8. Result Aggregator (api/src/retrieval/aggregator.py)

  • Role: Merges results from multiple queries into a single ranked list.
  • Algorithm: Reciprocal Rank Fusion (RRF).
  • Logic:
    • Assigns scores based on the rank of a paper in each result set.
    • Favors papers that appear in multiple result sets or rank highly in single sets.
    • Deduplicates papers.

9. Response Synthesizer (api/src/llm/reformulator.py)

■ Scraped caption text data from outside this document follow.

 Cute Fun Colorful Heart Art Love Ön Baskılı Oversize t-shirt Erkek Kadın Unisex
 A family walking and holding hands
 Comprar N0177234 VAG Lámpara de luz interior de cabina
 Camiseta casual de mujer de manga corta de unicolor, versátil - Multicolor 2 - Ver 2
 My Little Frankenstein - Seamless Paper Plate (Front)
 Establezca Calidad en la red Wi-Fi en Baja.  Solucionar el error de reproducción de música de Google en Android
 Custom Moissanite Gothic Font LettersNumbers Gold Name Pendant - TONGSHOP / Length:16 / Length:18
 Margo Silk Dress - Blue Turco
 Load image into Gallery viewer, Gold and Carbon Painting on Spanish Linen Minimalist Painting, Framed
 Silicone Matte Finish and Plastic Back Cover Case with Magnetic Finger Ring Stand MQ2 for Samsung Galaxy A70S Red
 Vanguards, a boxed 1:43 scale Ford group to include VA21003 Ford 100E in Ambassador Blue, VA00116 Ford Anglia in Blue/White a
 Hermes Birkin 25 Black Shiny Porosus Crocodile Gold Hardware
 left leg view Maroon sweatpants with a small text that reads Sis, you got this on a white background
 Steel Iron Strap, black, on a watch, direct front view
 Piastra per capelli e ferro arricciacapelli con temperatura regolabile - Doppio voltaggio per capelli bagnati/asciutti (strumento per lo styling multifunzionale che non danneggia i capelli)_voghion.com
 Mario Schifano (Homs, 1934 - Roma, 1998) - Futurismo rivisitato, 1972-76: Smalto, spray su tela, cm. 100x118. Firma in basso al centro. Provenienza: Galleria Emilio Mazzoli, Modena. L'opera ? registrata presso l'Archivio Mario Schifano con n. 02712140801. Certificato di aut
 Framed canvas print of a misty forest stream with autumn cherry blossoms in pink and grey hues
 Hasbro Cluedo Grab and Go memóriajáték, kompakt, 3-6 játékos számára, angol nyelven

  • Role: Streams a markdown response grounded in the retrieved results.
  • Notes:
    • Uses bracketed numeric citations like [1], [2] aligned to the ranked results.

10. Vector Database

  • Tech Stack: Qdrant (Dockerized).
  • Role: Stores abstract embeddings and metadata (Title, URL, Year).
  • Schema:
    • vector: 768-dim float array.
    • payload: JSON object with paper metadata.

Design Patterns

Retrieval-Augmented Generation (RAG)

While typically used for generating answers, here the "Generation" part is primarily used for Query Expansion, and the final output is the retrieved documents themselves. This is often called RAG for Retrieval.

Reciprocal Rank Fusion (RRF)

Used to combine results from the multiple generated queries without needing complex re-ranking models. It provides a robust way to fuse rankings.

Separation of Concerns

  • Ingestion is strictly offline.
  • Retrieval is strictly read-only online.
  • Shared Components (like Embedding) are reused to ensure consistency between indexing and querying.

Data Flow

Offline Ingestion Flow

  1. Download: acl-anthology library fetches metadata.
  2. Clean: Text is normalized (unicode normalization, whitespace stripping).
  3. Embed: Batches of abstracts are sent to the embedding model.
  4. Upsert: Vectors + Payload are pushed to Qdrant.

Online Search Flow

  1. Input: User provides "Machine Translation".
  2. Parse filters: LLM extracts structured filters + semantic search intent.
  3. Reformulate: LLM generates:
    • "Neural Machine Translation state of the art"
    • "Low-resource language translation"
    • "Transformer based translation models"
  4. Embed: All strings are embedded.
  5. Search: Qdrant runs multiple searches (one per query).
  6. Fuse: Hybrid RRF + score fusion combines the ranked lists.
  7. Return: Results + response are streamed to the UI via SSE.

Extension Points

  • New Embedding Models: Change EMBEDDING_MODEL in config.
  • Different LLMs: Switch providers in api/src/llm/.
  • Hybrid Search: Add keyword-based search (BM25) to Qdrant and fuse with dense vectors.